Copper prices on COMEX, part of the CME Group, soared to a record high of $5.1775 per pound, or $11,414 per metric ton, on Wednesday—a 28% increase year-to-date and a 14% rise in the past week. Prices slightly declined by 0.3% to $4.9375 by 16:44 GMT.
“Trafigura is one of the largest physical suppliers of copper to North America, and given the premium in this market, we are shipping larger quantities of the metal to COMEX,” the Swiss-based trader stated.
Geneva-based IXM, owned by China’s CMOC Group, declined to comment.
“We continuously monitor our markets, which are operating as designed as market participants manage copper risk and uncertainty,” the CME said in response to a request for comment.
COMEX copper prices are expected to remain high until shipments from South America and Australia arrive in the United States. It could take several weeks before the short positions can be mitigated, according to sources.
“US copper supply and demand fundamentals, while not unsupportive, probably don’t justify such extremes, suggesting something else is happening in the paper market,” said CRU analyst Robert Edwards.
IXM, a Swiss-based commodity trader, is one of the world’s largest traders of physical non-ferrous metals.
Trafigura has requested some copper producers to reroute May and June shipments to the United States, sources said. However, changing shipment destinations on short notice is extremely challenging.

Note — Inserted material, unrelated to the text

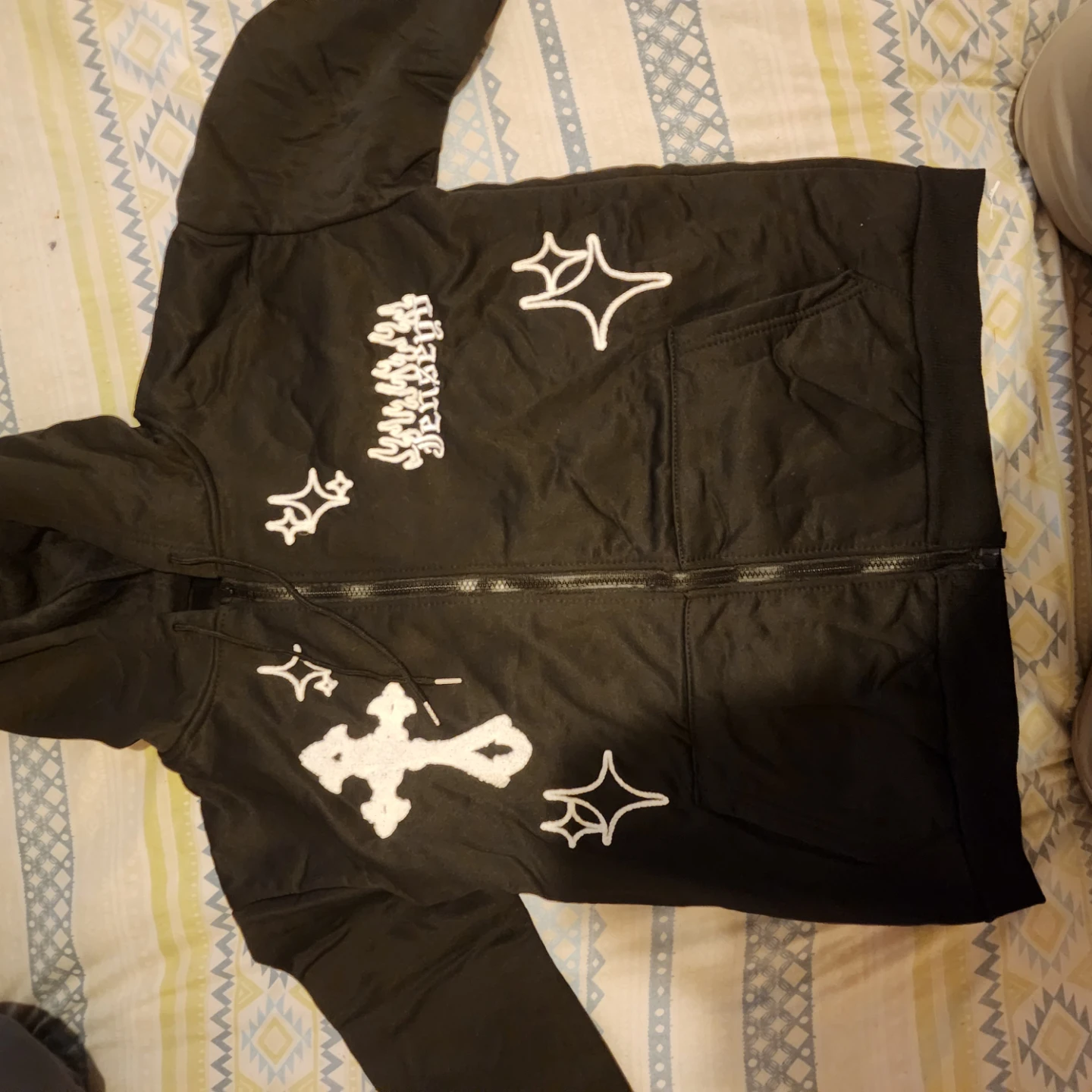 Black Zip-Up Hoodie with White Designs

The COMEX copper rally has outpaced gains on the London Metal Exchange (LME), creating an arbitrage opportunity where copper producers and traders can capitalize on price differentials by selling commodities in different locations.
“We think arb-related and outright short covering has fueled COMEX gains which are likely unsustainable: redirection of physical units to the US should ease the arb dislocation, but this will take some time,” Citi analysts noted.
Copper prices on the LME are trading around $10,240 per ton. Considering costs such as freight and insurance, traders can earn approximately $300 per ton by transferring copper from the LME system to the CME, one source explained.
However, about half of the available copper in LME registered warehouses originates from Russia and cannot be delivered into the CME system.
Additionally, several Chinese copper importers have redirected shipments to the United States, according to two sources. Nonetheless, copper cathode from China, which smelts about half of the world’s copper, cannot be delivered against COMEX contracts.